[Dataset entries Boundary: Start]

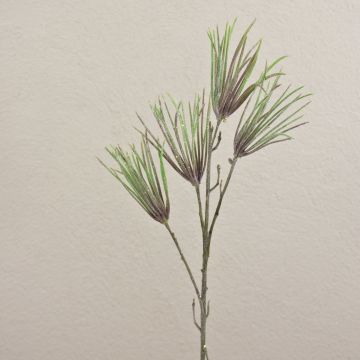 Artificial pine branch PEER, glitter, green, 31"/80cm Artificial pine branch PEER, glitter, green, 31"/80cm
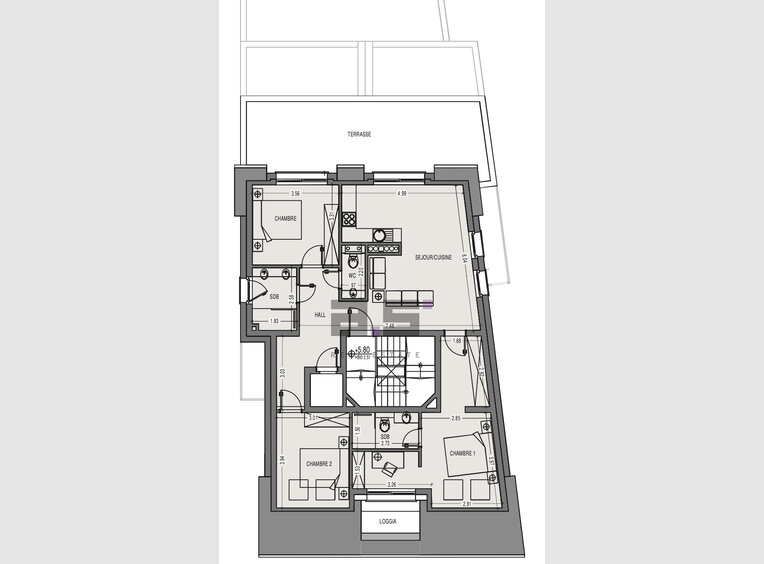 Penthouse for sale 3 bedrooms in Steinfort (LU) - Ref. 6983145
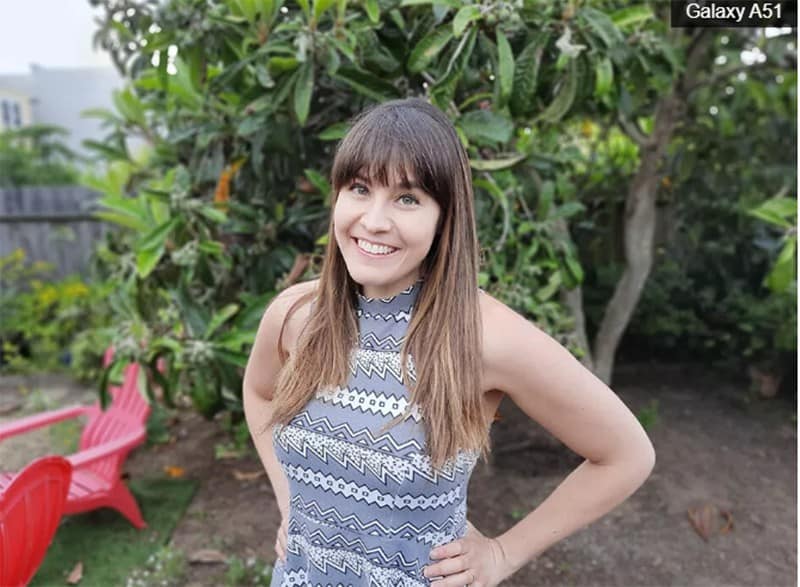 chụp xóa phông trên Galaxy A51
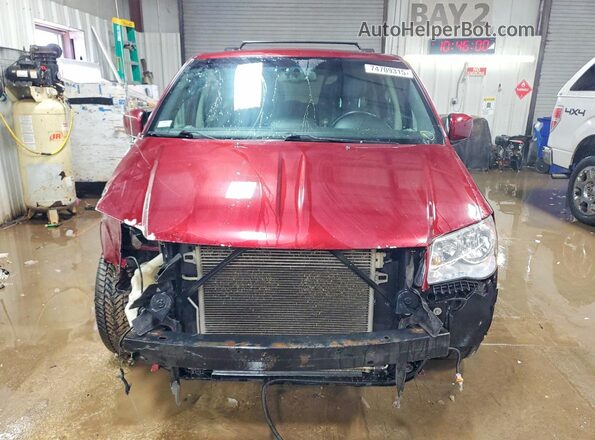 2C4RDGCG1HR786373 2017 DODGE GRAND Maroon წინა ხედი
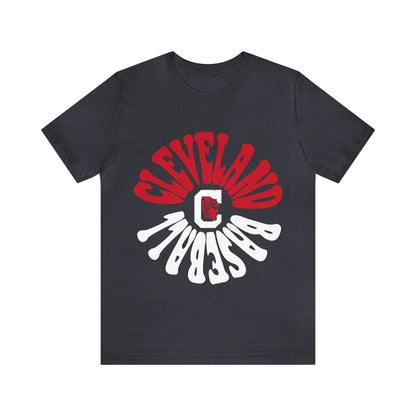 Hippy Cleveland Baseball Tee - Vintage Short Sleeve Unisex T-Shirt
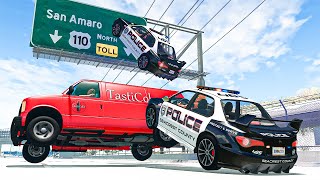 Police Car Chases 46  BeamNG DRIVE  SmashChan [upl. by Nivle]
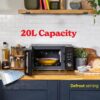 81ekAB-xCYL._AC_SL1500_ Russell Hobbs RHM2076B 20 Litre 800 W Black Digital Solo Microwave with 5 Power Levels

[Dataset entries Boundary: End]

**What is needed**:
Nothing but the lines from the one that contains "chụp xóa phông trên Galaxy A51" through the last line of the material should be written out, exactly. Omit pictures.

**Output of the exercise**:
 chụp xóa phông trên Galaxy A51
 2C4RDGCG1HR786373 2017 DODGE GRAND Maroon წინა ხედი
 Hippy Cleveland Baseball Tee - Vintage Short Sleeve Unisex T-Shirt
 Police Car Chases 46  BeamNG DRIVE  SmashChan [upl. by Nivle]
 81ekAB-xCYL._AC_SL1500_ Russell Hobbs RHM2076B 20 Litre 800 W Black Digital Solo Microwave with 5 Power Levels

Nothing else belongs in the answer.